Parsers API

Parsers module.

class contextbench.parsers.Gold(data: dict)[source]

Bases: object

Gold context for one instance.

byte_spans(repo_dir: str) → Dict[str, List[Tuple[int, int]]][source]: Get merged byte intervals per file from init+add.

byte_spans_init(repo_dir: str) → Dict[str, List[Tuple[int, int]]][source]: Get byte intervals from init_ctx only (for EditLoc gold).

line_spans_init() → Dict[str, List[Tuple[int, int]]][source]

Get line intervals from init_ctx only (for EditLoc gold based on lines).

Returns {file: [(start_line, end_line)]} where lines are inclusive.

class contextbench.parsers.GoldLoader(path: str)[source]

Bases: object

Lazy loader for gold contexts.

contextbench.parsers.parse_diff(diff_text: str, repo_dir: str) → Dict[str, List[Tuple[int, int]]][source]: Extract edited byte ranges per file from unified diff.

contextbench.parsers.parse_trajectory(data: dict) → Tuple[List[Step], Step | None][source]

Parse trajectory from unified agent data format.

Parameters:: data – dict with ‘traj_data’ containing: - pred_steps: list of {‘files’: […], ‘spans’: {…}} - pred_files: final file list - pred_spans: final span dict
Returns:: (trajectory_steps, final_step)

contextbench.parsers.load_pred(path: str) → List[dict][source]: Load prediction data from JSON/JSONL or trajectory files.

class contextbench.parsers.Step(files=None, spans=None, symbols=None)[source]

Bases: object

One retrieval step.

contextbench.parsers.load_traj_file(traj_file: str) → dict[source]: Load trajectory file using unified agent interface.

contextbench.parsers.parse_custom(path: str) → List[dict][source]

Parse custom trajectory format into ContextBench unified format.

Override this function when using –agent custom in contextbench.process_trajectories convert.

Parameters:

path – File or directory path containing your agent’s trajectory output.

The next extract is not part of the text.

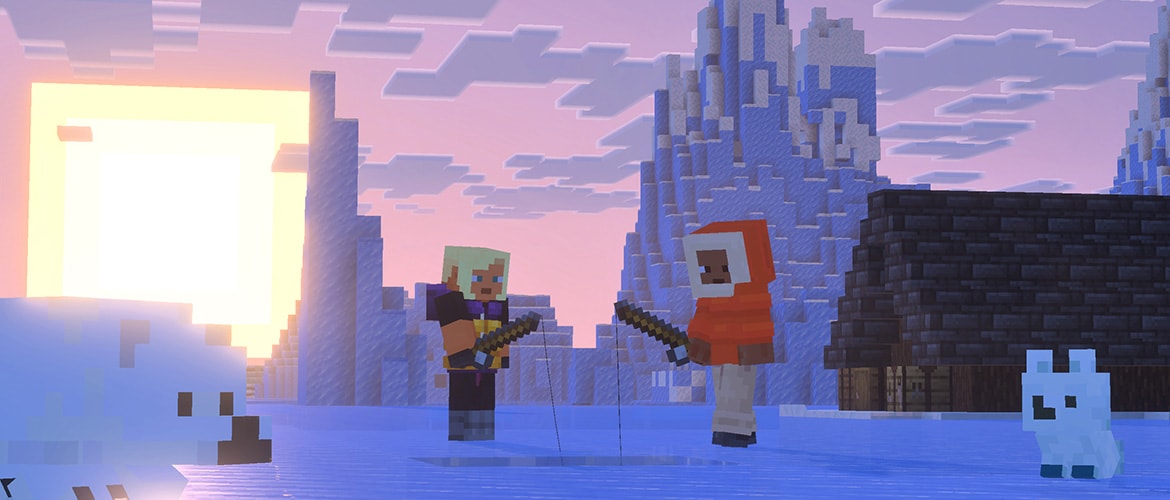 Baby polar bears and foxes with a new look! Players are fishing on ice in the background.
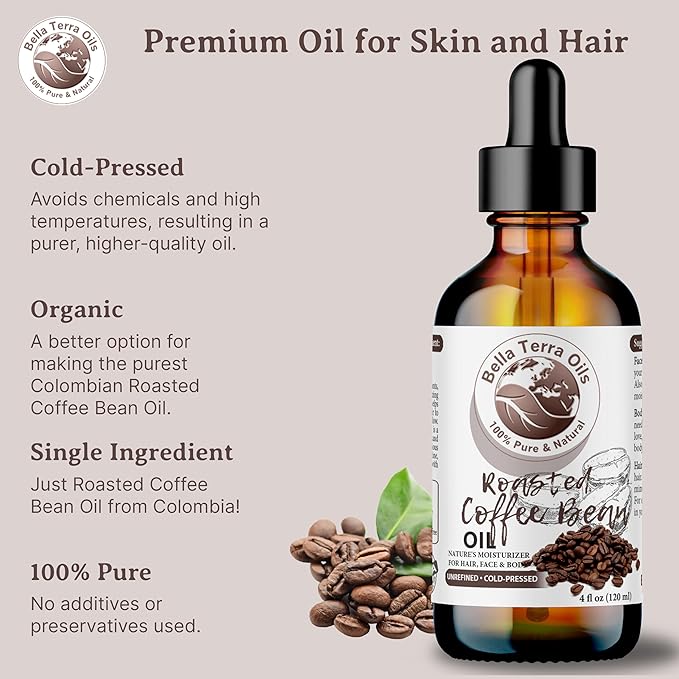 Bella Terra Oils – Roasted Bean Oil 4oz – A Symphony of Oils for Flavoring, Rich in Chlorogenic Acid, For the Love of Pure Aroma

May be a single file, a directory of instance subdirs, or a JSONL file.

Returns:

Return type:

List of dicts, each with

Example traj_data:

{

“pred_steps”: [: {“files”: [“src/foo.py”], “spans”: {“src/foo.py”: [{“start”: 1, “end”: 10}]}, “symbols”: {}}, …

], “pred_files”: [“src/foo.py”, “src/bar.py”], “pred_spans”: {“src/foo.py”: [{“start”: 1, “end”: 10}], “src/bar.py”: [{“start”: 5, “end”: 20}]}

}